2.7. Reductions . The Borrower shall, by notice from an
Authorized Representative, have the right from time to time but not
31
more frequently than once each calendar month, upon not less than five
(5) Business Days' written notice to the Agent, effective upon receipt,
to reduce the Total Revolving Credit Commitment. The Agent shall give
each Lender, within one (1) Business Day of receipt of such notice,
telefacsimile notice, or telephonic notice (confirmed in writing), of
such reduction. Each such reduction shall be in the aggregate amount of
$750,000 or such greater amount which is in an integral multiple of
$500,000, or the entire remaining Total Revolving Credit Commitment,
and shall permanently reduce the Total Revolving Credit Commitment.
Each reduction of the Total Revolving Credit Commitment shall be
accompanied by payment of the Revolving Loans to the extent that the
principal amount of Revolving Credit Outstandings plus Letter of Credit
Outstandings exceeds the Total Revolving Credit Commitment after giving
effect to such reduction, together with accrued and unpaid interest on
the amounts prepaid. No such reduction shall result in the payment of
any Eurodollar Rate Loan other than on the last day of the Interest
Period of such Eurodollar Rate Loan unless such prepayment is
accompanied by amounts due, if any, under Section 5.4.

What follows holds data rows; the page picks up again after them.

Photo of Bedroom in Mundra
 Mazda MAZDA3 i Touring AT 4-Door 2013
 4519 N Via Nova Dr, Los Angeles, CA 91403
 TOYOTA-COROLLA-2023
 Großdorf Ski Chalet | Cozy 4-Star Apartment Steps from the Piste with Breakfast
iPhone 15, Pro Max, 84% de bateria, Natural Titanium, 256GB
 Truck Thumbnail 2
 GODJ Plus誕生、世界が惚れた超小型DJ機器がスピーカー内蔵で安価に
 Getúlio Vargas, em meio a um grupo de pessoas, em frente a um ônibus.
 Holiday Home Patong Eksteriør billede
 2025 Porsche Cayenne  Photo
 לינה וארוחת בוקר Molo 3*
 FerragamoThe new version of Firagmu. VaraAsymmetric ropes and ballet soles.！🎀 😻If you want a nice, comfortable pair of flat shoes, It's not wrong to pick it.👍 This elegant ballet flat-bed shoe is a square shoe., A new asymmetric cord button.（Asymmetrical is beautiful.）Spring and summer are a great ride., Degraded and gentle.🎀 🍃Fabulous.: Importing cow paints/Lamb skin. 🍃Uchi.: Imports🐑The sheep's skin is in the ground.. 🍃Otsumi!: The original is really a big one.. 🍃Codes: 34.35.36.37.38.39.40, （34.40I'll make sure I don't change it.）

2.8. Conversions and Elections of Subsequent Interest Periods
. Subject to the limitations set forth below and in Article V, the
Borrower may:
(a) upon delivery, effective upon receipt, of a properly
completed Interest Rate Selection Notice to the Agent on or before
11:00 A.M. on any Business Day, convert all or a part of Eurodollar
Rate Loans to Base Rate Loans on the last day of the Interest Period
for such Eurodollar Rate Loans; and
(b) provided that no Default or Event of Default shall have
occurred and be continuing and upon delivery, effective upon receipt,
of a properly completed Interest Rate Selection Notice to the Agent on
or before 11:00 A.M. three (3) Business Days' prior to the date of such
election or conversion:
(i) elect a subsequent Interest Period for all or a
portion of Eurodollar Rate Loans to begin on the last day of
the then current Interest Period for such Eurodollar Rate
Loans; and
(ii) convert Base Rate Loans to Eurodollar Rate Loans
on any Business Day.
Each election and conversion pursuant to this Section 2.8
shall be subject to the limitations on Eurodollar Rate Loans set forth
in the definition of "Interest Period" herein and in Sections 2.1, 2.3
and Article V. The Agent shall give written notice to each Lender of
such notice of election or conversion prior to 3:00 P.M. on the day
such notice of election or conversion is received. All such
continuations or conversions of Loans shall be effected pro rata based
on the Applicable Commitment Percentages of the Lenders.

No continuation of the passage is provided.